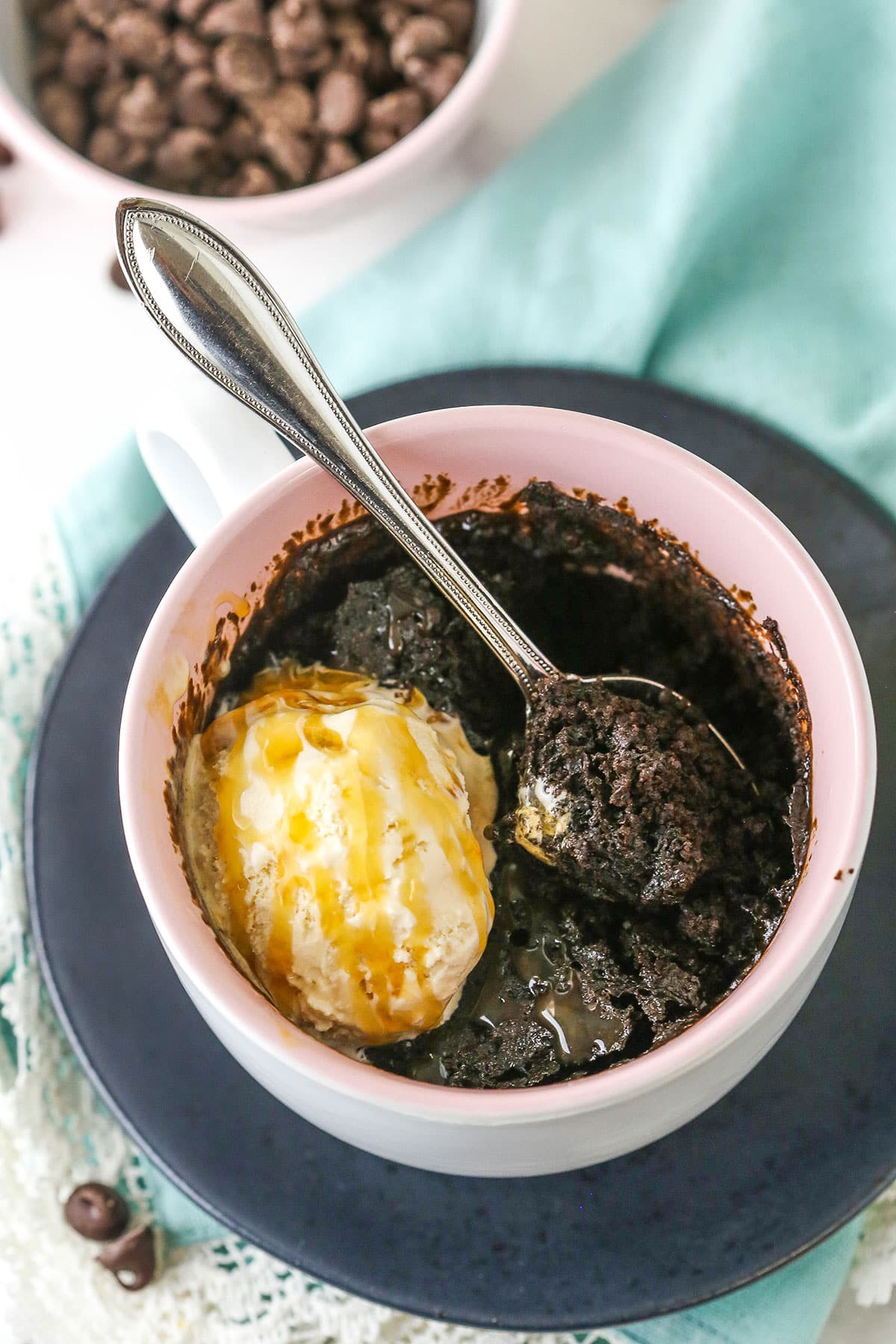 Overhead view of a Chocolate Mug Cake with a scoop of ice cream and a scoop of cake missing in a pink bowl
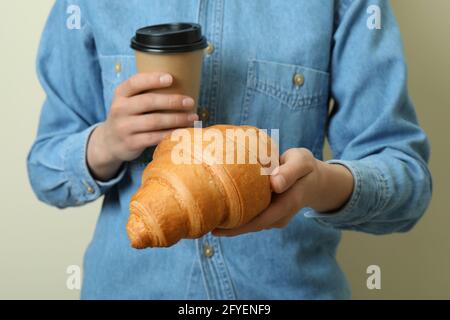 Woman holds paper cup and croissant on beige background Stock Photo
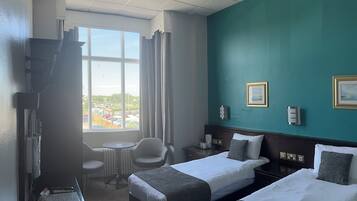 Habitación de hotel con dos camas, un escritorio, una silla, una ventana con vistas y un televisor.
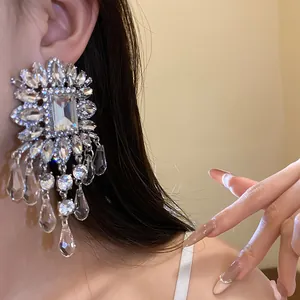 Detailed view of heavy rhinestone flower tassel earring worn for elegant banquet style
■ ■ ■
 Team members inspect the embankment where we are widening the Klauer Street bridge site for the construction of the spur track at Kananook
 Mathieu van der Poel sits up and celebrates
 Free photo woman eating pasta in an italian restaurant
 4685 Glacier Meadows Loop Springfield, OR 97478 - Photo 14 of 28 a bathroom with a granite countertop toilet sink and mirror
■ ■ ■
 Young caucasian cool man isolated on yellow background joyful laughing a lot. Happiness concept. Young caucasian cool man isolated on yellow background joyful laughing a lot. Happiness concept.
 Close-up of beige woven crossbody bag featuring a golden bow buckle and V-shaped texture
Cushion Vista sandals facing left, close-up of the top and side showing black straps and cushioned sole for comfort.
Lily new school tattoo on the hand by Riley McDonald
■ ■ ■
EXERCISE DESCRIPTION: Among the entries above, take the lines from the one with "Habitación de hotel" through the one with "Detailed view of" and retype them exactly, leaving out the pictures.

ANSWER FOR THIS EXERCISE:
 Habitación de hotel con dos camas, un escritorio, una silla, una ventana con vistas y un televisor.
 Detailed view of heavy rhinestone flower tassel earring worn for elegant banquet style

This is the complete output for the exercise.